The recognition that catapulted Yaghi to scientific fame came in 2025, when he shared the Nobel Prize in Chemistry with Susumu Kitagawa, of Kyoto University, and Richard Robson, of the University of Melbourne, for the development of what are known as metal-organic frameworks (MOFs). These are superporous materials in which metal ions and carbon-based molecules combine to form crystals with extraordinarily large internal surfaces. A member of the Nobel committee compared this ability to store enormous quantities of substances in seemingly compact spaces with Hermione Granger's enchanted handbag in the Harry Potter saga.

These materials have relevant potential applications against climate change: they make it possible to capture and store carbon or other pollutants, and also to extract water directly from the atmosphere in water-scarce areas. In fact, Yaghi's Irvine, California-based company, Atoco, has announced that it will begin taking orders this year for its technology to capture water from the air. A representative for Yaghi indicated that the scientist was not yet available to answer questions about his new role.

Yaghi's move fits into a broader context: China is one of several countries that have stepped up their efforts to attract scientists working in the United States, at a time when the Trump administration has cut scientific funding, suspended research grants, dismissed scientific advisers and tightened immigration restrictions. Yaghi himself referred to this deterioration in an interview with Scientific American earlier this year, noting that for many years funding in the United States was competitive and rewarded hard work and good research, but that the current situation is discouraging due to cuts at the agencies on which many university researchers depend.

Yaghi's personal background adds a symbolic dimension to the news: born in Jordan, the son of Palestinian refugees, he emigrated to the United States at age 15 to study. In an interview granted last year to the New York Times, he summed up his view on international academic mobility: throughout the history of human civilization it has been proven again and again that scholars can and should move across borders, and that this is how knowledge has spread and how vast regions of the world have managed to escape poverty.

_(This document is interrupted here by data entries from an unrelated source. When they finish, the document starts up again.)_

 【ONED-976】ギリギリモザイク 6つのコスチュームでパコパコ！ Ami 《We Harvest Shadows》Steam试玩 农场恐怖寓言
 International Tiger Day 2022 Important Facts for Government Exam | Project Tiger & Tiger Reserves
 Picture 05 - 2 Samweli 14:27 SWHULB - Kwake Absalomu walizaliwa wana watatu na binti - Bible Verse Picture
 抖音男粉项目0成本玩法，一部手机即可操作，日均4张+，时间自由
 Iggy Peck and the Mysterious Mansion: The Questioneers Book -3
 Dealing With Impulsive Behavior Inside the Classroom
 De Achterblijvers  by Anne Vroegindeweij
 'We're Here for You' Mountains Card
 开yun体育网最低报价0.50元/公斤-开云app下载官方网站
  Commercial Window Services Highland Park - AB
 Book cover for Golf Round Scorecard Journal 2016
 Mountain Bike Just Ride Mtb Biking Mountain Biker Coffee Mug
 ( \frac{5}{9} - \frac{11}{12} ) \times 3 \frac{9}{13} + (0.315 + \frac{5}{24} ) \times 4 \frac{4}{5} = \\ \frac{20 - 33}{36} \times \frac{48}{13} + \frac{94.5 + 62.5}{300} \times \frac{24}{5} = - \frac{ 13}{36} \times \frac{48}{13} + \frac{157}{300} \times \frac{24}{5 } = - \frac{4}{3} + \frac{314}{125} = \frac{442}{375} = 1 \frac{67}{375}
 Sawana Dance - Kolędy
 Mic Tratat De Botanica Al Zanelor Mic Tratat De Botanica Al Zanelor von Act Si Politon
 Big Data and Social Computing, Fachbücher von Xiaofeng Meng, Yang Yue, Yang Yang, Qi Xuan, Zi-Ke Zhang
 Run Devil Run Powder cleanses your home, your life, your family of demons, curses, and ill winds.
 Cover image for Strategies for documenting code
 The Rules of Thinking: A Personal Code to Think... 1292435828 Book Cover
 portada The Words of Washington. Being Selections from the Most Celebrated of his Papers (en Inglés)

Yaghi's case adds to a narrative that has been gaining traction in the American scientific press: that of a talent drain toward powers such as China, driven by budget cuts and a political climate less favorable to science and skilled immigration in the United States. That a recent Nobel laureate in Chemistry, with an active startup in California dedicated to water technology, would decide to move the leadership of his research to a Chinese university functions as a visible indicator —even if it is an individual case— of where certain centers of gravity may be shifting in the research of materials and artificial intelligence applied to science.